* [Task requirements] The output must be the data, printed exactly as written.

(Collected data)
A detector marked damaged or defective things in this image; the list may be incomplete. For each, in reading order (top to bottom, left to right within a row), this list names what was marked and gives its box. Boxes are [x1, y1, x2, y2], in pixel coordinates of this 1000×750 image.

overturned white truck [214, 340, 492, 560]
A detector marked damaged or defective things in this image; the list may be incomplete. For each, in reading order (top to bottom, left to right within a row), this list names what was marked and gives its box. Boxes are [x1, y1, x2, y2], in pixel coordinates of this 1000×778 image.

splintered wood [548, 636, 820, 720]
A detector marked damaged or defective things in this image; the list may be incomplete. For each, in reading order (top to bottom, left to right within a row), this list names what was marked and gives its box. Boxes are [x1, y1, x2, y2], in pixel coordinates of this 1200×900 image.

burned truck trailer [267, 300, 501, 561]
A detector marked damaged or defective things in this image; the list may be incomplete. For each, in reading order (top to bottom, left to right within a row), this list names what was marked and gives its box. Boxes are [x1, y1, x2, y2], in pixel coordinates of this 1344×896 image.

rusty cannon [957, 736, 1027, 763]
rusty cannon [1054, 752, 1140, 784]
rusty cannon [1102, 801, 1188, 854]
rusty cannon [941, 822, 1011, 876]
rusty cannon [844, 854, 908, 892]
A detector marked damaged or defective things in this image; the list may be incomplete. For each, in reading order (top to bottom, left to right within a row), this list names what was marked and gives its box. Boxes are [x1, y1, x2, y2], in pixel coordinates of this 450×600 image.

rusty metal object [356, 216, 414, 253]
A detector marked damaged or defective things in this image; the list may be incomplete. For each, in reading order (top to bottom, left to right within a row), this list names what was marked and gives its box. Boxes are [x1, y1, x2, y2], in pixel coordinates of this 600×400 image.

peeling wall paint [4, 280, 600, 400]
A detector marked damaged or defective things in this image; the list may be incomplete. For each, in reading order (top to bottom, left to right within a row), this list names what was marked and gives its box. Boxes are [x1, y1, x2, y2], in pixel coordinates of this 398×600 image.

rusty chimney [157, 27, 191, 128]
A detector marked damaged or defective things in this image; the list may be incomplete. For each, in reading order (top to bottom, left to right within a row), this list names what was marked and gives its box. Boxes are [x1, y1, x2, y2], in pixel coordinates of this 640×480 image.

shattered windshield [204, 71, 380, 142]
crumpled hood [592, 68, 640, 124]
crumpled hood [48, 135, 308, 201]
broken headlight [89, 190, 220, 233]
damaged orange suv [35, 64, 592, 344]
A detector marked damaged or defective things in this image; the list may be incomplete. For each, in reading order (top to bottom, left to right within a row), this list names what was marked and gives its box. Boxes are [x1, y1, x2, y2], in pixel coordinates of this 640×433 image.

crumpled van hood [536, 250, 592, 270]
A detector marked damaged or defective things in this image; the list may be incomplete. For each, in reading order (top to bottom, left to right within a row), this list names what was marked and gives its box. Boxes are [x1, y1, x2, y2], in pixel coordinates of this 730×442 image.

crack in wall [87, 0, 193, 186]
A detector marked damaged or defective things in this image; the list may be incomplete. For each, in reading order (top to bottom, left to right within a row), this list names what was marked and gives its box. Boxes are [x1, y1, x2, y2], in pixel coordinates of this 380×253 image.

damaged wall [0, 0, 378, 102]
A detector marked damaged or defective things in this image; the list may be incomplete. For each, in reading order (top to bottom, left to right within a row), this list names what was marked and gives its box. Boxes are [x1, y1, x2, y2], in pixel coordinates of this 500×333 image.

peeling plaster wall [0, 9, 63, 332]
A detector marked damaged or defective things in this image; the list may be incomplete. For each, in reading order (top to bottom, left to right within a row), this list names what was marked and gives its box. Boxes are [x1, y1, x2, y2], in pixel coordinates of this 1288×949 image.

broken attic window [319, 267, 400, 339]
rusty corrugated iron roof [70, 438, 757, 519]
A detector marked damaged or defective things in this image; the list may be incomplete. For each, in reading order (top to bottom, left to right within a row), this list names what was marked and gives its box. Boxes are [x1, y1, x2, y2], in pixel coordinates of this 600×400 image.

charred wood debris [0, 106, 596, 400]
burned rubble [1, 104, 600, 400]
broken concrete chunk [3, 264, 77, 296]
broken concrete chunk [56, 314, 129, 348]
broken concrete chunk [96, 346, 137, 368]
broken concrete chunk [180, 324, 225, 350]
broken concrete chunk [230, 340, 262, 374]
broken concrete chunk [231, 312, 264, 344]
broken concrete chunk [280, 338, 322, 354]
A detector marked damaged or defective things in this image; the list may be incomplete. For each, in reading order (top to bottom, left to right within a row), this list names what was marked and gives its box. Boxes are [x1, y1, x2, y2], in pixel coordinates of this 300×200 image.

* [Result of the task]
A detector marked damaged or defective things in this image; the list may be incomplete. For each, in reading order (top to bottom, left to right within a row), this list names what was marked and gives its box. Boxes are [x1, y1, x2, y2], in pixel coordinates of this 1000×750 image.

overturned white truck [214, 340, 492, 560]
A detector marked damaged or defective things in this image; the list may be incomplete. For each, in reading order (top to bottom, left to right within a row), this list names what was marked and gives its box. Boxes are [x1, y1, x2, y2], in pixel coordinates of this 1000×778 image.

splintered wood [548, 636, 820, 720]
A detector marked damaged or defective things in this image; the list may be incomplete. For each, in reading order (top to bottom, left to right within a row), this list names what was marked and gives its box. Boxes are [x1, y1, x2, y2], in pixel coordinates of this 1200×900 image.

burned truck trailer [267, 300, 501, 561]
A detector marked damaged or defective things in this image; the list may be incomplete. For each, in reading order (top to bottom, left to right within a row), this list names what was marked and gives its box. Boxes are [x1, y1, x2, y2], in pixel coordinates of this 1344×896 image.

rusty cannon [957, 736, 1027, 763]
rusty cannon [1054, 752, 1140, 784]
rusty cannon [1102, 801, 1188, 854]
rusty cannon [941, 822, 1011, 876]
rusty cannon [844, 854, 908, 892]
A detector marked damaged or defective things in this image; the list may be incomplete. For each, in reading order (top to bottom, left to right within a row), this list names what was marked and gives its box. Boxes are [x1, y1, x2, y2], in pixel coordinates of this 450×600 image.

rusty metal object [356, 216, 414, 253]
A detector marked damaged or defective things in this image; the list may be incomplete. For each, in reading order (top to bottom, left to right within a row), this list names what was marked and gives its box. Boxes are [x1, y1, x2, y2], in pixel coordinates of this 600×400 image.

peeling wall paint [4, 280, 600, 400]
A detector marked damaged or defective things in this image; the list may be incomplete. For each, in reading order (top to bottom, left to right within a row), this list names what was marked and gives its box. Boxes are [x1, y1, x2, y2], in pixel coordinates of this 398×600 image.

rusty chimney [157, 27, 191, 128]
A detector marked damaged or defective things in this image; the list may be incomplete. For each, in reading order (top to bottom, left to right within a row), this list names what was marked and gives its box. Boxes are [x1, y1, x2, y2], in pixel coordinates of this 640×480 image.

shattered windshield [204, 71, 380, 142]
crumpled hood [592, 68, 640, 124]
crumpled hood [48, 135, 308, 201]
broken headlight [89, 190, 220, 233]
damaged orange suv [35, 64, 592, 344]
A detector marked damaged or defective things in this image; the list may be incomplete. For each, in reading order (top to bottom, left to right within a row), this list names what was marked and gives its box. Boxes are [x1, y1, x2, y2], in pixel coordinates of this 640×433 image.

crumpled van hood [536, 250, 592, 270]
A detector marked damaged or defective things in this image; the list may be incomplete. For each, in reading order (top to bottom, left to right within a row), this list names what was marked and gives its box. Boxes are [x1, y1, x2, y2], in pixel coordinates of this 730×442 image.

crack in wall [87, 0, 193, 186]
A detector marked damaged or defective things in this image; the list may be incomplete. For each, in reading order (top to bottom, left to right within a row), this list names what was marked and gives its box. Boxes are [x1, y1, x2, y2], in pixel coordinates of this 380×253 image.

damaged wall [0, 0, 378, 102]
A detector marked damaged or defective things in this image; the list may be incomplete. For each, in reading order (top to bottom, left to right within a row), this list names what was marked and gives its box. Boxes are [x1, y1, x2, y2], in pixel coordinates of this 500×333 image.

peeling plaster wall [0, 9, 63, 332]
A detector marked damaged or defective things in this image; the list may be incomplete. For each, in reading order (top to bottom, left to right within a row), this list names what was marked and gives its box. Boxes are [x1, y1, x2, y2], in pixel coordinates of this 1288×949 image.

broken attic window [319, 267, 400, 339]
rusty corrugated iron roof [70, 438, 757, 519]
A detector marked damaged or defective things in this image; the list may be incomplete. For each, in reading order (top to bottom, left to right within a row), this list names what was marked and gives its box. Boxes are [x1, y1, x2, y2], in pixel coordinates of this 600×400 image.

charred wood debris [0, 106, 596, 400]
burned rubble [1, 104, 600, 400]
broken concrete chunk [3, 264, 77, 296]
broken concrete chunk [56, 314, 129, 348]
broken concrete chunk [96, 346, 137, 368]
broken concrete chunk [180, 324, 225, 350]
broken concrete chunk [230, 340, 262, 374]
broken concrete chunk [231, 312, 264, 344]
broken concrete chunk [280, 338, 322, 354]
A detector marked damaged or defective things in this image; the list may be incomplete. For each, in reading order (top to bottom, left to right within a row), this list names what was marked and gives its box. Boxes are [x1, y1, x2, y2], in pixel coordinates of this 300×200 image.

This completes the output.